Despite branding itself as an antivirus software, along with aliases like MacProtector or MacSecurity, Mac Defender is actually a phishing scam used to trick unwary consuming looking to protect their data. When used for the first time, it redirects the user from legitimate websites, reports that you have a virus, and instructs you to install it immediately to solve the problem. Then, it takes your credit card info like a thief in the night.
This is just one of many malware programs masquerading as a solution, when in fact it’s part of the problem. Phishing scams target Mac users by redirecting them from legitimate websites to fake websites which tell them that their computer is infected with a virus. The user is then offered Mac Defender “anti-virus” software to fix the problem.
The purported antivirus software is sctually malware (i.e. malicious software) who’s ultimate goal is to get the users’ credit card information which may be used for fraudulent purposes. The most common names for this malware are MacDefender, MacProtector and MacSecurity.
WinFixer is another Windows-specific rogue software that manufactures issues to scare you into infecting your own device.
This is just one of the many reasons to be careful of where you get your antivirus recommendations.
However, even good antivirus software can cause problems with false alarms. When your antivirus software detects the signature of a virus that matches its database, it will usually recommend deleting those files immediately. But when it’s flagging the wrong files, and you need those to perform basic functions on your device, it can leave you powerless.
Preventing Antivirus Software From Bogging Down Your PC
Antivirus software can also affect performance. Constant scanning in the background can slow your device down to a crawl. This can range from frustrating to downright impractical when trying to perform any resource-intensive activities. So, what do users do?
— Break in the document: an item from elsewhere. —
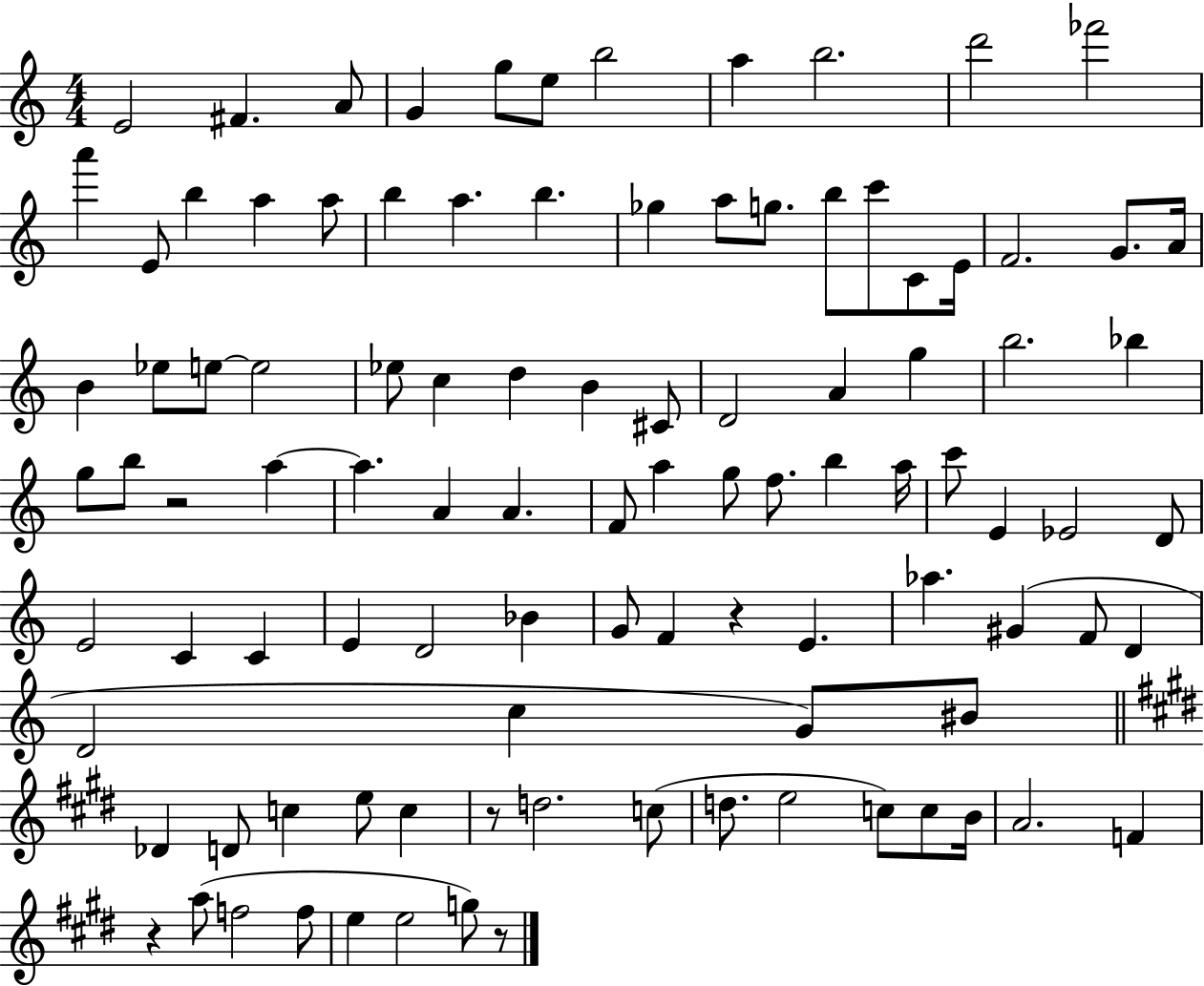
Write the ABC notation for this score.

One tip is to deactivate them, at least temporarily, while playing P2P multiplayer games or downloading torrents. In other words, two of the highest-risk activities if you’re willingly connecting to other devices while unprotected. It’s like laying down the drawbridge to welcome the enemy through your own gates.
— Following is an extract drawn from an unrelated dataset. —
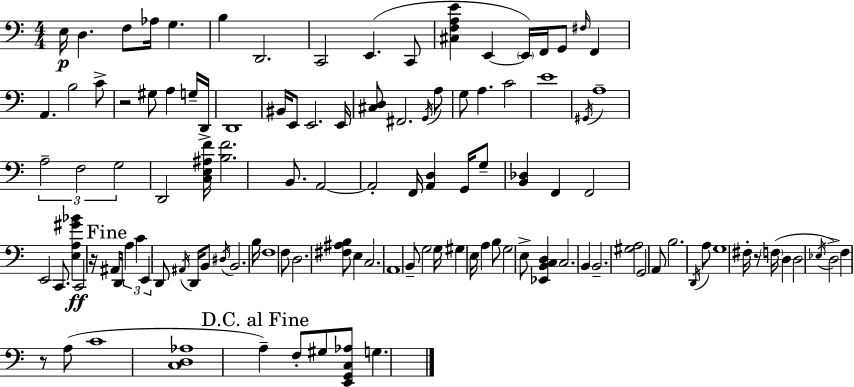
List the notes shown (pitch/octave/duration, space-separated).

E3/s D3/q. F3/e Ab3/s G3/q. B3/q D2/h. C2/h E2/q. C2/e [C#3,F3,A3,E4]/q E2/q E2/s F2/s G2/e F#3/s F2/q A2/q. B3/h C4/e R/h G#3/e A3/q G3/s D2/s D2/w BIS2/s E2/e E2/h. E2/s [C#3,D3]/e F#2/h. G2/s A3/e G3/e A3/q. C4/h E4/w G#2/s A3/w A3/h F3/h G3/h D2/h [C3,E3,A#3,F4]/s [B3,F4]/h. B2/e. A2/h A2/h F2/s [A2,D3]/q G2/s G3/e [B2,Db3]/q F2/q F2/h E2/h C2/e. [E3,A3,G#4,Bb4]/q C2/h R/s A#2/s D2/s A3/q C4/q E2/q D2/e A#2/s D2/s B2/e D#3/s B2/h. B3/s F3/w F3/e D3/h. [F#3,A#3,B3]/e E3/q C3/h. A2/w B2/e G3/h G3/s G#3/q E3/s A3/q B3/e G3/h E3/e [Eb2,B2,C3,D3]/q C3/h. B2/q B2/h. [G#3,A3]/h G2/h A2/e B3/h. D2/s A3/e G3/w F#3/s R/e F3/s D3/q D3/h Eb3/s D3/h F3/q R/e A3/e C4/w [C3,D3,Ab3]/w A3/q F3/e G#3/e [E2,G2,C3,Ab3]/e G3/q.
New viruses, as discussed, are hard to track for a variety of reasons. There’s either nothing to match it against in the definition files, or it uses new techniques like encryption to avoid your scans.
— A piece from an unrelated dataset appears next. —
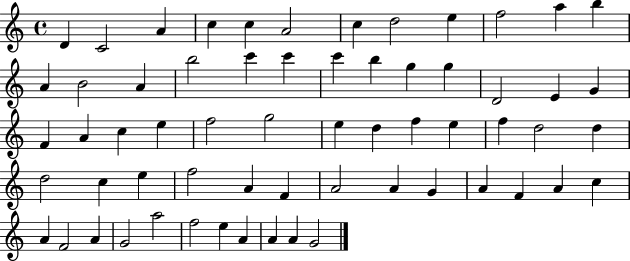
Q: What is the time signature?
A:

There’s a more-than-decent shot at them wrecking some havoc before they’re fully caught. And when files are infected, they’re tough to fix. Depending on what’s wrong, you might even have to reinstall programs or wipe the operating system entirely.
Not unlike fighting cancer with chemotherapy, unfortunately, you’re going to take out a lot of good cells while getting rid of the bad.
Antivirus software works by identifying similar patterns from its database, or using tools to help predict when an attack will occur (and stopping it before it does). It uses a multi-pronged approach, because viruses can adapt, transform, and get stronger over time. So your risk of exposure doesn’t decrease over time, but only increases exponentially.
Antivirus software isn’t always foolproof, though. There are many malicious programs that masquerade as something that will help you in order to actually harm you. They can cause performance delays to the point where you might willingly drop your guard. And mediocre ones on the market often won’t evolve as quickly as the viruses they’re chasing.
That’s why it’s absolutely critical to only use the best antivirus software on the market. The best form of defense is prevention in the first place. Otherwise, you may not get a do-over once it’s too late.